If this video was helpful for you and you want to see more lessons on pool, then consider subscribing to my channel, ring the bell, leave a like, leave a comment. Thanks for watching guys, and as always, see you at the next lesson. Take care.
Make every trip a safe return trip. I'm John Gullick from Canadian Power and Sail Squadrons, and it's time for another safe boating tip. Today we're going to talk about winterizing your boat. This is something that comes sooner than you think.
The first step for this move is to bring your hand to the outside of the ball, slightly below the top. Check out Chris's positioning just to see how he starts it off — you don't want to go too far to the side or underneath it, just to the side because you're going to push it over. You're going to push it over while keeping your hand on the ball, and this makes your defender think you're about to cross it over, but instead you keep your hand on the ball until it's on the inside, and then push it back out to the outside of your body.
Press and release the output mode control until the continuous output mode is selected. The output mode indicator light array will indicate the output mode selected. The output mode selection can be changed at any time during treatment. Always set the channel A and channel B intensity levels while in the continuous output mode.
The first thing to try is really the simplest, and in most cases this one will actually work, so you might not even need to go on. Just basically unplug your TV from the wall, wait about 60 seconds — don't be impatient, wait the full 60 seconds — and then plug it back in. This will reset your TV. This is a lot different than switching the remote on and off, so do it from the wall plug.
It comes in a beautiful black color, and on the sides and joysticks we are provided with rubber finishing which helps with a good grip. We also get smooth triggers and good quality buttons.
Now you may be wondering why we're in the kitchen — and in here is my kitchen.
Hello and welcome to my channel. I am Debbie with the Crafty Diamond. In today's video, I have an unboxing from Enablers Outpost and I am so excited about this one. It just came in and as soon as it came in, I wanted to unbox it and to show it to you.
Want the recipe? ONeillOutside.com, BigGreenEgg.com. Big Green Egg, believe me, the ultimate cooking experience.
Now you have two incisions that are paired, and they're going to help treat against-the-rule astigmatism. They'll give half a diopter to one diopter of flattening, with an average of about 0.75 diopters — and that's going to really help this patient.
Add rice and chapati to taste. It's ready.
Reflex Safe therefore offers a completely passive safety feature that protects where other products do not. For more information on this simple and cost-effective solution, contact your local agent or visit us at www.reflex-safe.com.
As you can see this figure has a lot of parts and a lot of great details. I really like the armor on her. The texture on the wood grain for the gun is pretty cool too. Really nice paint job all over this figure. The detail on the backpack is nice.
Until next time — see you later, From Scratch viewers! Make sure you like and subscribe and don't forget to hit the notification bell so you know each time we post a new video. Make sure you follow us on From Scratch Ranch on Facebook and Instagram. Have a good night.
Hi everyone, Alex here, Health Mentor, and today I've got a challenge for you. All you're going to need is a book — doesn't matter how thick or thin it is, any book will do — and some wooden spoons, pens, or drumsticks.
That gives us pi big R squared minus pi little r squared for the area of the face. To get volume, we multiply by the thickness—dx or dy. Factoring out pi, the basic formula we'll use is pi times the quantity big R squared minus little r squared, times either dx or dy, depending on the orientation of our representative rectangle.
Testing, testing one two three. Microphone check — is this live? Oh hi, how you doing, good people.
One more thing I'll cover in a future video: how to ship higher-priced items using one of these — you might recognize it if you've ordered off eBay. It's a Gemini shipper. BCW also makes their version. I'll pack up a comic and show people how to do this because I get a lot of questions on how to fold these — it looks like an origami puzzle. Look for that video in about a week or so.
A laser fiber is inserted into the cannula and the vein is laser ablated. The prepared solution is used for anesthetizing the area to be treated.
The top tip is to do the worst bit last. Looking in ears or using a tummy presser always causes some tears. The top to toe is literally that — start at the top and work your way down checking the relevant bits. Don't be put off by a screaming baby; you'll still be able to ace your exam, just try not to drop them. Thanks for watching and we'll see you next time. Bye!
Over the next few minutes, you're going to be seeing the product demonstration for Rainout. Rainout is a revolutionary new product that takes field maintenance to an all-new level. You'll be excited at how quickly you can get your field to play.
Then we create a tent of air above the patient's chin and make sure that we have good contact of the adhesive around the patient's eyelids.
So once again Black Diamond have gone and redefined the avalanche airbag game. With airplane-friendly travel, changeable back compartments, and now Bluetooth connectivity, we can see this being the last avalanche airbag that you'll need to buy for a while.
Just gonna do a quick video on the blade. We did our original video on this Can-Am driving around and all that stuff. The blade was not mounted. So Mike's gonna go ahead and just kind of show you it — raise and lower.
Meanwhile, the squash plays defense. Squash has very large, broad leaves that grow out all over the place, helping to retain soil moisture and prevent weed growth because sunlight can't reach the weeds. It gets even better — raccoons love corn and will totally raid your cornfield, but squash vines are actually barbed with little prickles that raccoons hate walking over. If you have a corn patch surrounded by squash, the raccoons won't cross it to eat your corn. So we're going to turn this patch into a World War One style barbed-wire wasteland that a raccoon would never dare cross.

---

EXERCISE DIRECTIONS: Copy the stretch of the records above that runs from the line with "Testing, testing one" through the line with "So once again". Both end lines belong in the copy, and nothing else does.

COMPLETED EXERCISE:
Testing, testing one two three. Microphone check — is this live? Oh hi, how you doing, good people.
One more thing I'll cover in a future video: how to ship higher-priced items using one of these — you might recognize it if you've ordered off eBay. It's a Gemini shipper. BCW also makes their version. I'll pack up a comic and show people how to do this because I get a lot of questions on how to fold these — it looks like an origami puzzle. Look for that video in about a week or so.
A laser fiber is inserted into the cannula and the vein is laser ablated. The prepared solution is used for anesthetizing the area to be treated.
The top tip is to do the worst bit last. Looking in ears or using a tummy presser always causes some tears. The top to toe is literally that — start at the top and work your way down checking the relevant bits. Don't be put off by a screaming baby; you'll still be able to ace your exam, just try not to drop them. Thanks for watching and we'll see you next time. Bye!
Over the next few minutes, you're going to be seeing the product demonstration for Rainout. Rainout is a revolutionary new product that takes field maintenance to an all-new level. You'll be excited at how quickly you can get your field to play.
Then we create a tent of air above the patient's chin and make sure that we have good contact of the adhesive around the patient's eyelids.
So once again Black Diamond have gone and redefined the avalanche airbag game. With airplane-friendly travel, changeable back compartments, and now Bluetooth connectivity, we can see this being the last avalanche airbag that you'll need to buy for a while.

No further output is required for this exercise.